Mais alors que nos responsables politiques nous déçoivent, le peuple de ce pays puisent dans de profonds réservoirs de solidarité et de communauté.
« Les habitants de l’Irlande du Nord ont une mémoire musculaire des violences, des meurtres et des émeutes qui appartiennent à un passé pas si éloigné. Nous avons aussi une mémoire musculaire sur la façon dont on s’organise et on s’entraide, » écrit la contributrice Nicola Browne, dans une lettre en provenance de Belfast pour l’édition de cette semaine de notre newsletter. « Des gens ordinaires de tous horizons, de toutes les communautés et de toutes les couleurs réalisent des milliers d’actes de soin et de réparation, prennent soin de personnes qu’ils ne connaissent pas et montrent clairement que rien de tout cela ne se fait en leur nom. »
Enfin, il est encore temps de faire un don pour soutenir nos enquêtes continues sur la responsabilité des géants de la tech, après que nous avons révélé comment Palantir ouvre les dossiers de santé du NHS à la surveillance. La semaine prochaine, nous publierons une grande enquête sur l’univers bouleversant de ceux qui sont payés pour filtrer le contenu abusif sur les plateformes de réseaux sociaux.
Merci, comme toujours, de lire notre newsletter. Nous avons de la chance de vous avoir parmi nos lecteurs !
Cette semaine dans l’histoire
L’Insurrection de Soweto • 16 juin 1976
Le 16 juin 1976, des écoliers sud-africains de Soweto marchent pour protester contre l’obligation d’apprendre en Afrikaans — la langue de leurs oppresseurs. La police ouvre le feu. Des centaines d’élèves sont tués dans les mois qui suivent. Cette insurrection radicalise une génération et marque le début de la fin du contrôle social de l’apartheid. Le 16 juin est aujourd’hui la Journée des jeunes en Afrique du Sud.

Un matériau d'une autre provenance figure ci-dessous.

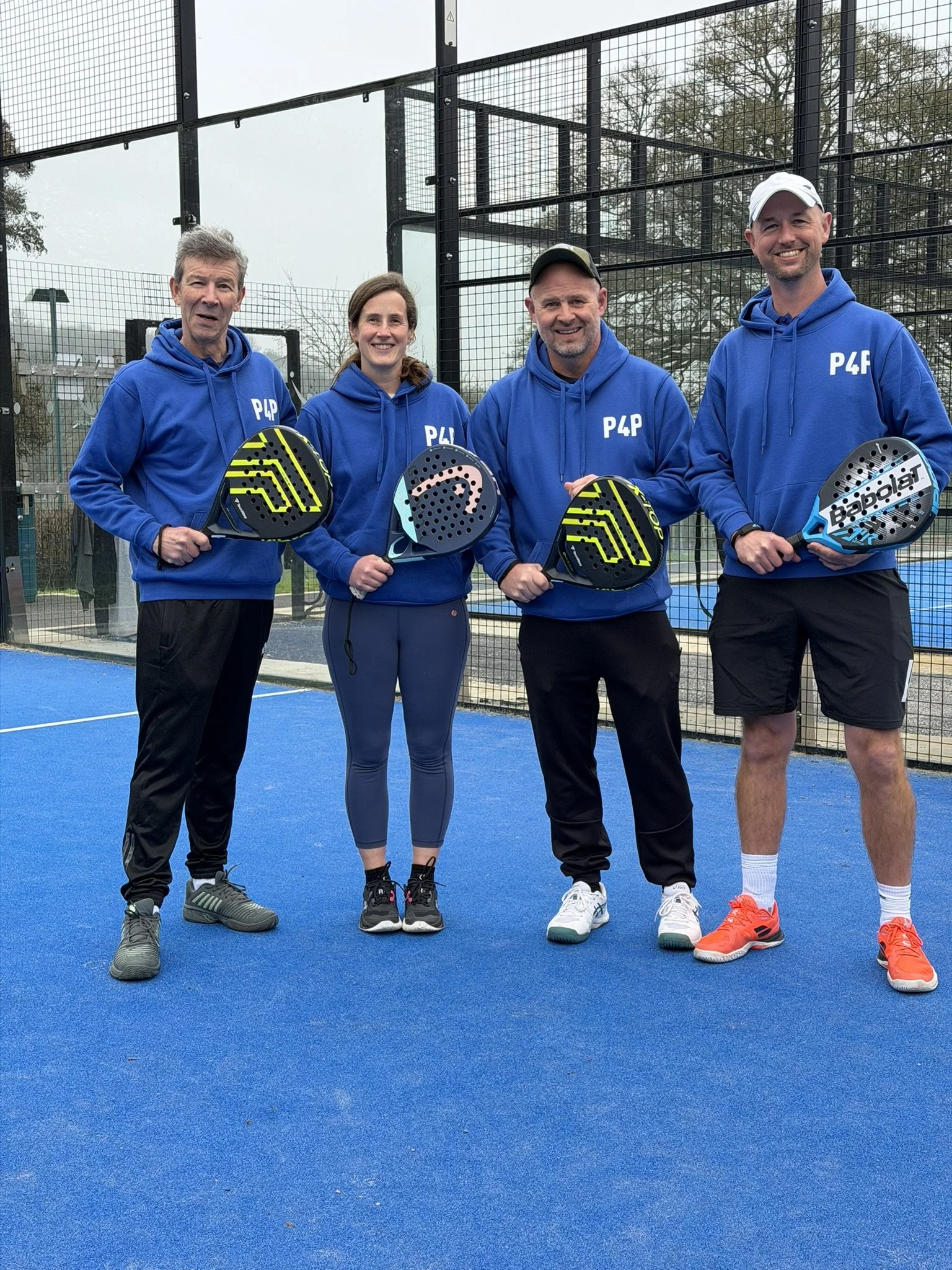 Four people standing on a blue padel court, holding padel rackets, dressed in blue hoodies with 'P4P' logo, smiling at the camera, enclosed by a black wire fence with trees in the background.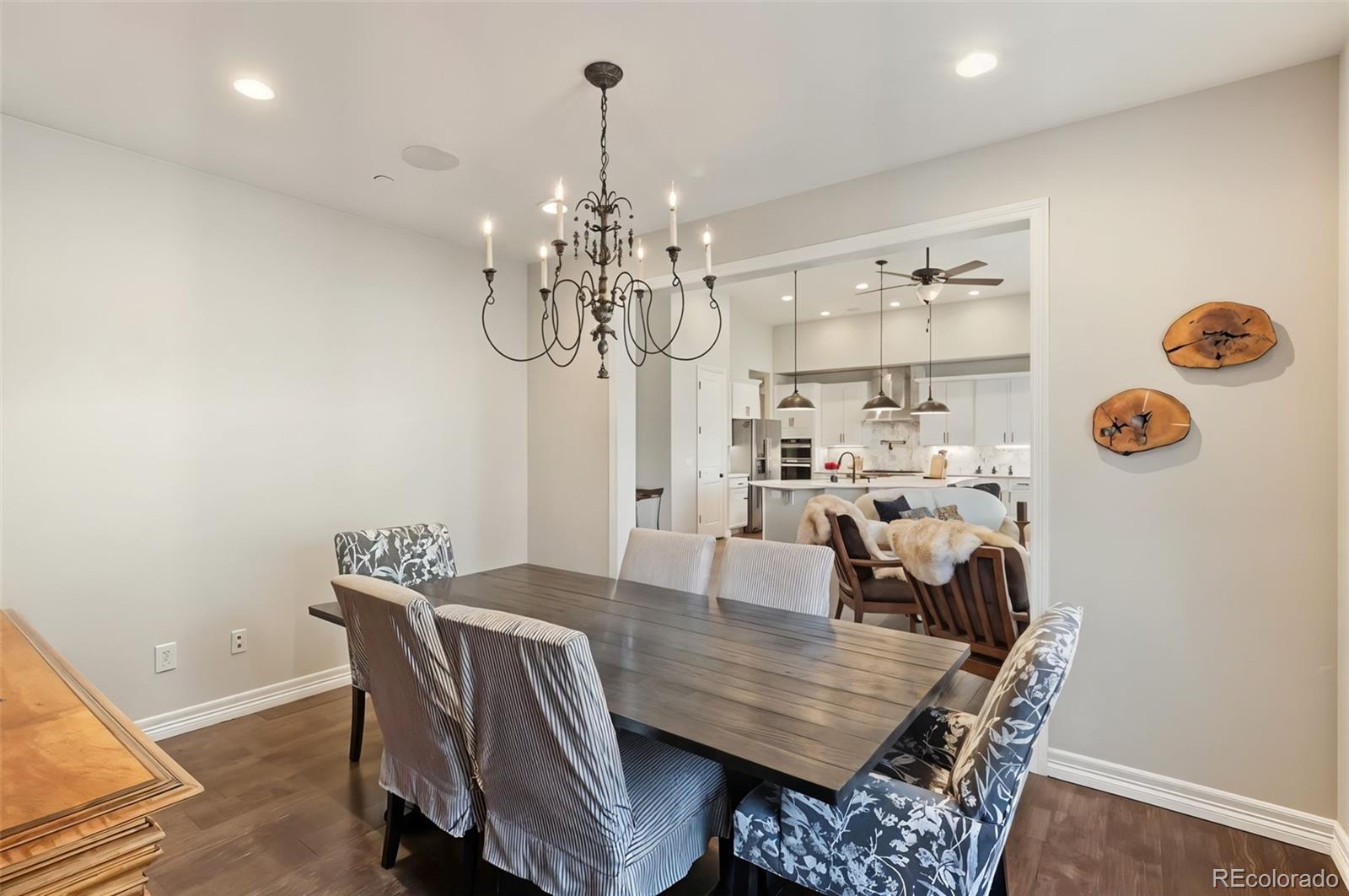 5318 Rocking Tree Grove Colorado Springs, CO 80906 - Photo 11 of 50 a view of a dining room with furniture wooden floor and chandelier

Le texte d’archive de cette semaine utilise l’insurrection de Soweto comme point de référence pour examiner pourquoi les États et les institutions cherchent à dépolitiser les syndicats étudiants, reliant la résistance étudiante historique aux tentatives contemporaines de la réprimer.
Ce que nous lisons
Mes femmes, Yuliia Iliukha, trad. par Hanna Leliv
De nombreux livres ont déjà été écrits sur l’invasion à grande échelle de l’Ukraine par la Russie, et beaucoup d’autres seront publiés dans les années et les décennies à venir. La plupart se concentrent sur les tactiques, les chefs d’État internationaux, les armes et la stratégie – mais pas My Women. Dans un volume court et d’un impact dévastateur, Iliukha utilise une série de saynètes pour raconter l’histoire de femmes issues de Kharkiv, deuxième plus grande ville d’Ukraine, située à environ 30 km de la frontière avec la Russie. Ce sont des récits de perte, de bravoure, de peur et de chagrin. Un récit de l’impact de la guerre sur la vie des femmes, c’est un livre indispensable pour quiconque veut comprendre la réalité quotidienne de ce conflit.